An animal lover from the eastern European country of Latvia has made her way to war-torn Ukraine to help rescue the pets of refugees looking to cross the border.
Basing herself in an animal shelter in the Western Ukrainian city of Lviv, Rasma Krecia is now working to take in and care for the pets of Ukrainians fleeing the country’s conflict with Russia.
The city of Lviv has so far escaped the worst of the Russian invasion. Rasma, who is volunteering at the Home for Rescued Animals in Lviv, said that she decided to travel to Ukraine after realizing she had to help. “If I have an opportunity, if I have a large van, if I can bring food here and take some animals back to safety, I can’t stay at home,” she told the news agency, Reuters.

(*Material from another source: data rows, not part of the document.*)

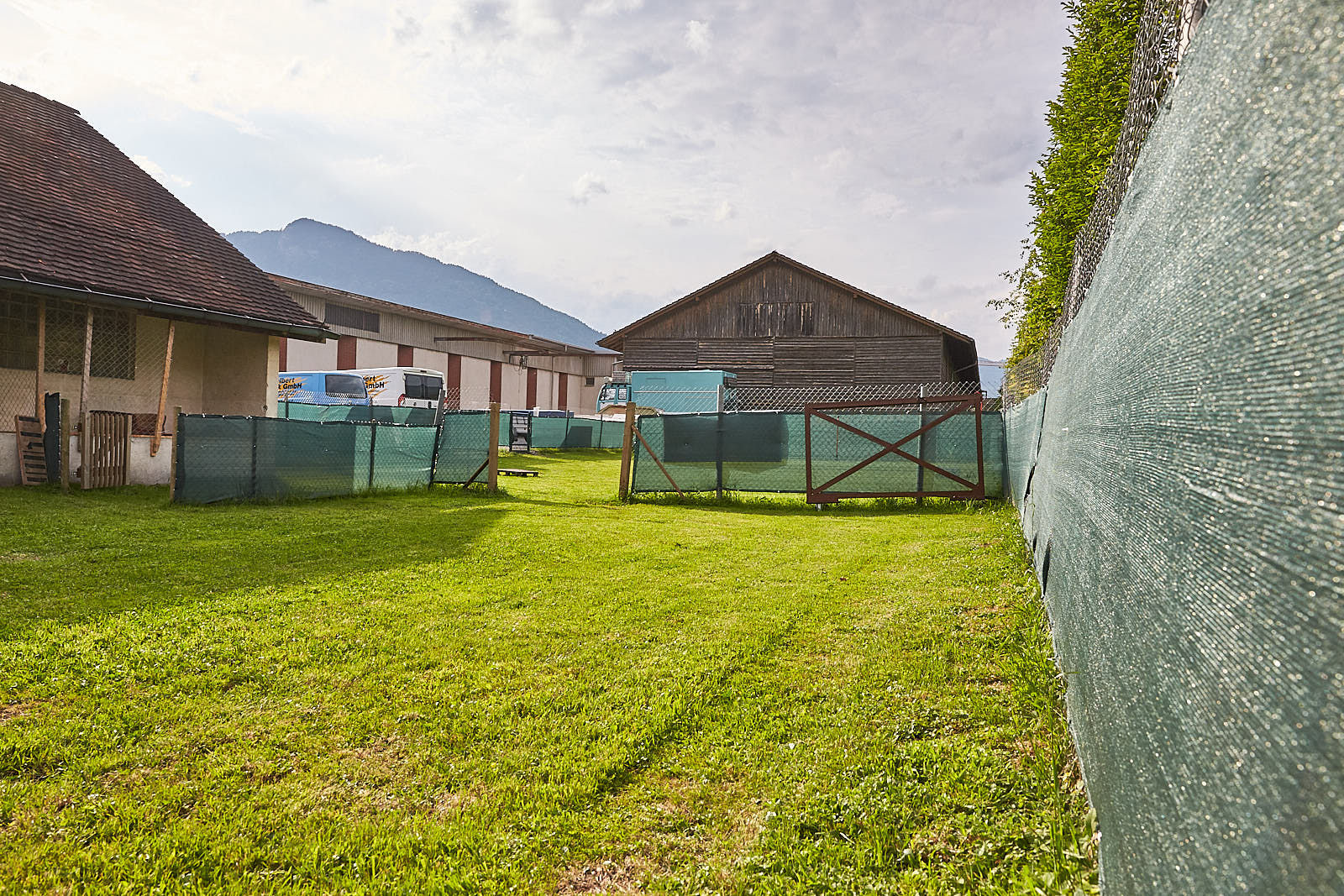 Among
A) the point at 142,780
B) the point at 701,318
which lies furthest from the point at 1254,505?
the point at 701,318

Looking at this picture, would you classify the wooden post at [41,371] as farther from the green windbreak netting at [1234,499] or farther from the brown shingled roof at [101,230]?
the green windbreak netting at [1234,499]

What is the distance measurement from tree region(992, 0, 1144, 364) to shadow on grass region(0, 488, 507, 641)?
10.6 meters

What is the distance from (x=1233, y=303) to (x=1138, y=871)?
3.67 ft

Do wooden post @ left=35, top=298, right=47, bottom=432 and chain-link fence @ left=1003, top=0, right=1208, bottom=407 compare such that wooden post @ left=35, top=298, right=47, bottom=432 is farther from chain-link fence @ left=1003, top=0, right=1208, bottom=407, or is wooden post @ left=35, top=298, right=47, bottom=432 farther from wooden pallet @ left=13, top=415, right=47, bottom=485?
chain-link fence @ left=1003, top=0, right=1208, bottom=407

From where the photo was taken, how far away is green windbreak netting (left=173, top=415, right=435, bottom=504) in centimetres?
1060

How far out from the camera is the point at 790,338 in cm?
2959

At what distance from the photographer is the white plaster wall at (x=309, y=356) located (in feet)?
98.1

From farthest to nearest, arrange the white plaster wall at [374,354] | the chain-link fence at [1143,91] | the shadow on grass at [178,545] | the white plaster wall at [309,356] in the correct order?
the white plaster wall at [374,354], the white plaster wall at [309,356], the shadow on grass at [178,545], the chain-link fence at [1143,91]

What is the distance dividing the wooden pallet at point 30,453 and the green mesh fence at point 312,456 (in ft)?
10.9

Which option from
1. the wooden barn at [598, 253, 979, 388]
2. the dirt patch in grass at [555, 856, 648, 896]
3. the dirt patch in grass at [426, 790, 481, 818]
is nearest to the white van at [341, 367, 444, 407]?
the wooden barn at [598, 253, 979, 388]

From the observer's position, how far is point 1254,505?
121 centimetres

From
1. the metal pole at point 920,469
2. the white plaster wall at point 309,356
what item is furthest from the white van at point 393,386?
the metal pole at point 920,469

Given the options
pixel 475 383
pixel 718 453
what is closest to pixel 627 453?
pixel 718 453

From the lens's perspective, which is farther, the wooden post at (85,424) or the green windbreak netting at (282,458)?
the wooden post at (85,424) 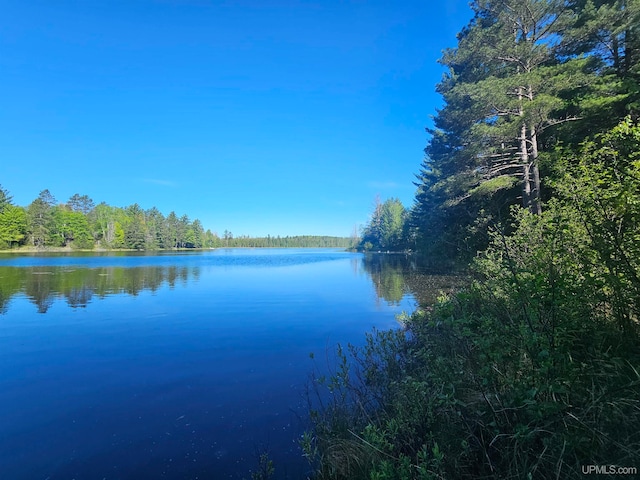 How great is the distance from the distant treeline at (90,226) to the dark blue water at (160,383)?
74.8 metres

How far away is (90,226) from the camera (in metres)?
84.3

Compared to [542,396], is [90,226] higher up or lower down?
higher up

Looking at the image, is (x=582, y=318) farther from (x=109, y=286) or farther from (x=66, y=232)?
(x=66, y=232)

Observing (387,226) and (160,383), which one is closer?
(160,383)

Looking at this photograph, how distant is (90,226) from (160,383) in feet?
323

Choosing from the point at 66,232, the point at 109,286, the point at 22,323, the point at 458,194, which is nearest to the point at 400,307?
the point at 458,194

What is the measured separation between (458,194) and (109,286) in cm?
2091

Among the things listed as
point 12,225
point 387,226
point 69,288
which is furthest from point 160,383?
point 12,225

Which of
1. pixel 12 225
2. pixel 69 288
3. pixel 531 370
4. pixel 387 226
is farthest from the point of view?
pixel 387 226

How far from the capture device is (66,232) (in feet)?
257

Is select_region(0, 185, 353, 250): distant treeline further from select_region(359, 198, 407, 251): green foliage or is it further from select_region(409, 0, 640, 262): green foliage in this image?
select_region(409, 0, 640, 262): green foliage

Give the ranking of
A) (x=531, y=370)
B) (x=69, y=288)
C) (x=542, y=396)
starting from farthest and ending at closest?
(x=69, y=288) < (x=531, y=370) < (x=542, y=396)

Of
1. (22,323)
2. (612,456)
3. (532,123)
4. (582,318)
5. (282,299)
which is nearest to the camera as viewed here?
(612,456)

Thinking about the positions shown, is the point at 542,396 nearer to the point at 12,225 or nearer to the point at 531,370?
the point at 531,370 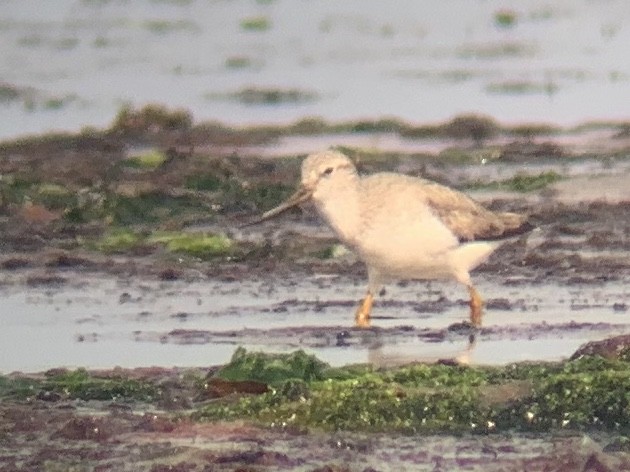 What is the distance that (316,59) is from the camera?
1861 centimetres

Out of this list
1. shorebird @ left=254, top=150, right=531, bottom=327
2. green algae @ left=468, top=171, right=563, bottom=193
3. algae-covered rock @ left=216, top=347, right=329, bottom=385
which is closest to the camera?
algae-covered rock @ left=216, top=347, right=329, bottom=385

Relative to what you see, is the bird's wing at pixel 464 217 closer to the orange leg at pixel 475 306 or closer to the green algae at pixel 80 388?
the orange leg at pixel 475 306

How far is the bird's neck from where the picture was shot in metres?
8.78

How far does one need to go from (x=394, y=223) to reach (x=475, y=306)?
528 mm

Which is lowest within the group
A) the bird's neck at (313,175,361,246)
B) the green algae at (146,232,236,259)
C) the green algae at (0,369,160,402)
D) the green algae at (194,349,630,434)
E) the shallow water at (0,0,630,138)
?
the green algae at (194,349,630,434)

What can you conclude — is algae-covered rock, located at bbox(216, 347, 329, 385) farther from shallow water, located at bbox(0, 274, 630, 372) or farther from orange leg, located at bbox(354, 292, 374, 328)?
orange leg, located at bbox(354, 292, 374, 328)

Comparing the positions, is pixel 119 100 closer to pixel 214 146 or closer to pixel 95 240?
pixel 214 146

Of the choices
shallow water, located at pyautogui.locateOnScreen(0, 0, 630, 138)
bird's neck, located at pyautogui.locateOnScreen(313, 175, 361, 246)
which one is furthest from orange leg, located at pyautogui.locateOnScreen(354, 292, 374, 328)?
shallow water, located at pyautogui.locateOnScreen(0, 0, 630, 138)

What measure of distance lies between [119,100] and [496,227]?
795cm

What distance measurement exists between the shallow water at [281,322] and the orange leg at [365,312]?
5cm

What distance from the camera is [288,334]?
8.39 meters

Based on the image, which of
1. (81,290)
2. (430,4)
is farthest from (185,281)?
(430,4)

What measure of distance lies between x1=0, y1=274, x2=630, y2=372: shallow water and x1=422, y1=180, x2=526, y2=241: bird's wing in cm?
34

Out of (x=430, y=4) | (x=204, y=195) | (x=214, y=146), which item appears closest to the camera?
(x=204, y=195) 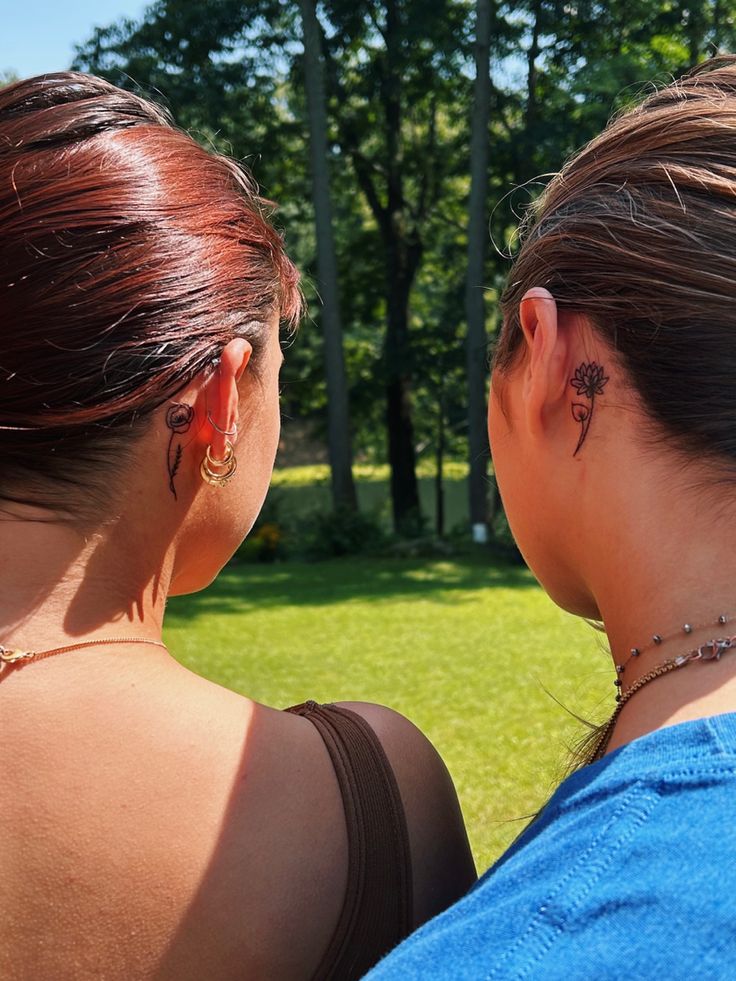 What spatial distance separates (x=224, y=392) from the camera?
139 cm

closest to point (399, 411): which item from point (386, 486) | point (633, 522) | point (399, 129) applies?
point (399, 129)

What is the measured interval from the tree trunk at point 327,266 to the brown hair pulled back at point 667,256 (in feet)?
53.7

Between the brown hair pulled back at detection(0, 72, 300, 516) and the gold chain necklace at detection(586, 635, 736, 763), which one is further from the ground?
the brown hair pulled back at detection(0, 72, 300, 516)

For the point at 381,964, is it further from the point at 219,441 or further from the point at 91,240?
the point at 91,240

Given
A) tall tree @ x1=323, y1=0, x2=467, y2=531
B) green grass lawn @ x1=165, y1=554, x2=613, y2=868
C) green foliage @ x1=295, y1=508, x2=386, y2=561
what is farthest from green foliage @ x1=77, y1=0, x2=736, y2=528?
green grass lawn @ x1=165, y1=554, x2=613, y2=868

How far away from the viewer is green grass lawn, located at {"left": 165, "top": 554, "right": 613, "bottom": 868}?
20.5ft

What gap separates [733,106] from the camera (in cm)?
123

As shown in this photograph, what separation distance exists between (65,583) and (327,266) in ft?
56.8

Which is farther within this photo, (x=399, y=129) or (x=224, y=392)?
(x=399, y=129)

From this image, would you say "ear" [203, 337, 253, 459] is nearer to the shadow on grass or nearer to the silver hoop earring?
the silver hoop earring

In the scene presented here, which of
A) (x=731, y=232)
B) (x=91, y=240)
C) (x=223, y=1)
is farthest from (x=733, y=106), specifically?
(x=223, y=1)

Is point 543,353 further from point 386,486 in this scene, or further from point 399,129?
point 386,486

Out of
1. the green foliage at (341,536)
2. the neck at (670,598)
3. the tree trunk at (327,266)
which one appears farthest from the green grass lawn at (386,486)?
the neck at (670,598)

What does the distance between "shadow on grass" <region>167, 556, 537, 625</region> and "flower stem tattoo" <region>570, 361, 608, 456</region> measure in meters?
9.80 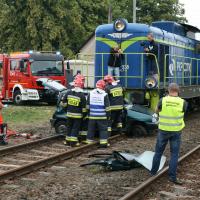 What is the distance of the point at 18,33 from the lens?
43156mm

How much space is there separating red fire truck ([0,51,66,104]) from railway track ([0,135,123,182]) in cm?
1119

Many Ukrainians have been surrendering their pets to the Lviv sanctuary rather than taking them on the arduous journey across the border into Poland, and beyond.
Image credits: REUTERS/Kai Pfaffenbach
One such pet is Charly, the beloved pet cat of the Horobets family, who fled their home in the eastern city of Kramatorsk as the Russians invaded. Following a traumatic 40-hour train journey where Charly narrowly escaped being trampled, Natalie Horobets and her husband Volodymir made the difficult decision to let their pet go. They had realized, they said, that continuing with their cat was not possible, as they were unsure where they would eventually settle.
As they said their farewells to their precious cat, the Horobets said they did not know what their future held but hoped they could be reunited with their pet. “We hope that Ukraine will endure, and we will come home,” Volodymir added.
Previously used for stray or wild animals, the Lviv sanctuary has found itself inundated with the pets of Ukrainian refugees trying to escape the escalating violence of the conflict. They included a box of puppies found abandoned at a nearby railway station three days before, where thousands of displaced Ukrainians had passed through every day.
Meanwhile, Rasma hopes to take Charly the cat and dozens of other rescued pets out of the war zone until the conflict was over. As she helped to load up three vans with the first batch of dogs and cats ready for transport across the border, Rasma added: “We’re going to try to take as many animals as we can out, back to Latvia, back to Europe, back to safety.”